Is my child’s separation anxiety normal? 6 tips to help them cope
So, you dropped your child off at daycare or preschool this morning on your way to work, and it was a little more difficult than you expected. Maybe your baby became hysterical when you walked away. Maybe your toddler burst into tears. What’s a parent to do?
Understanding separation anxiety
Although often distressing for parents, separation anxiety is a normal stage of development for young children. It manifests differently for every child, but in general, here’s what’s going on in your child’s brain during different developmental phases.
- Infants: In infants, separation anxiety develops after a child gains an understanding of something called object permanence. This is when your infant realizes that you’re really gone when you’re gone. Most babies develop separation anxiety around 9 months, but it can happen as early as 4-5 months.
- Toddlers: Toddlers may become even more aware of separations around 15 or 18 months of age as they begin to develop more independence. Their behaviors at separations may be loud, tearful and difficult to stop.

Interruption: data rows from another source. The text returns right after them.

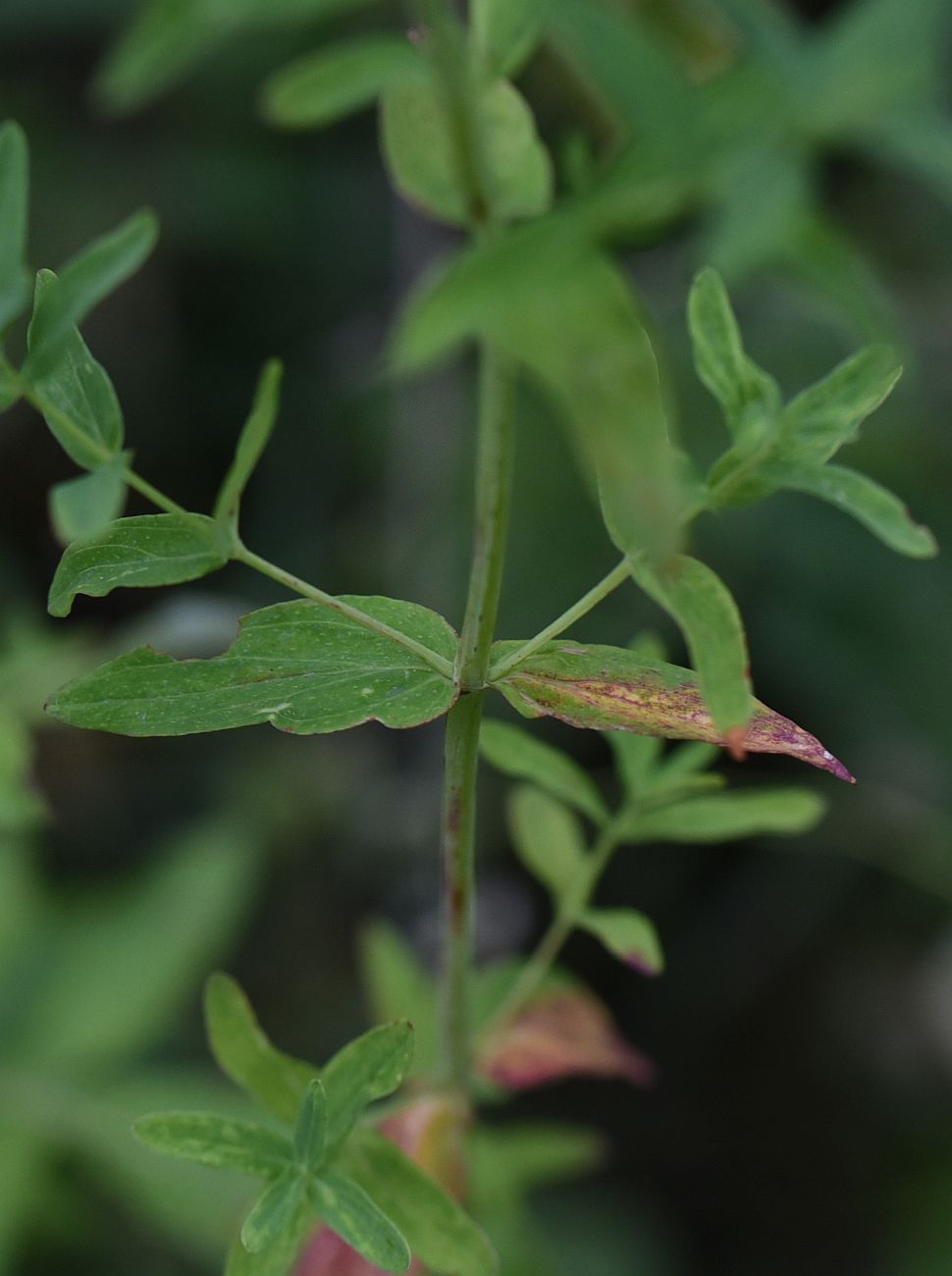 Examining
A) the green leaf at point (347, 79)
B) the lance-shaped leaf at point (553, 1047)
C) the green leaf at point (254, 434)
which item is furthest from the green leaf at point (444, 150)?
the lance-shaped leaf at point (553, 1047)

- Preschoolers: Preschoolers face the challenge of not only being apart from their parents but also having to adjust to a new environment. By age three, most children understand how their anxiety or outbursts at separation will impact their parents and may use these pleas to get you to come back to them.
6 ways to ease separation anxiety
One strategy to help your child deal with separation anxiety is developing a routine to help your child anticipate when you leave and when you come back. Keeping a consistent routine and following through with promises not only builds trust between you and your child, but also allows them to build confidence in their ability to be without you.
Here are a few tips from the American Academy of Pediatrics for surviving separation anxiety:
- Create quick goodbye rituals.
- Be consistent with drop-off and pick-up rituals.
- Give your child full attention and some affection, then say a quick goodbye.
- Keep your promises.
- Be specific, child style. For example, say, “I’ll be home after 3 sleeps.” Or “I’ll be back after nap time.”
- Practice being apart with playdates, going to grandma’s house, etc.
Will my child outgrow separation anxiety?
Young children often experience a period of separation anxiety, but most outgrow it by about three years of age.
Separation anxiety as a true disorder is diagnosed when a child’s symptoms are excessive for their developmental age and cause significant distress in daily functioning. If you have concerns about a major change in your child’s behavior, mood, sleep and/or appetite, it’s best to notify your child’s pediatrician to get an evaluation.
Bottom line: Parents, don’t stress
Parents, if your toddler or young child is struggling with separation anxiety, don’t panic. For many children, this is a normal and healthy part of growing up. But remember, your pediatrician is always here to help you and your child cope with these transitions in a healthy way.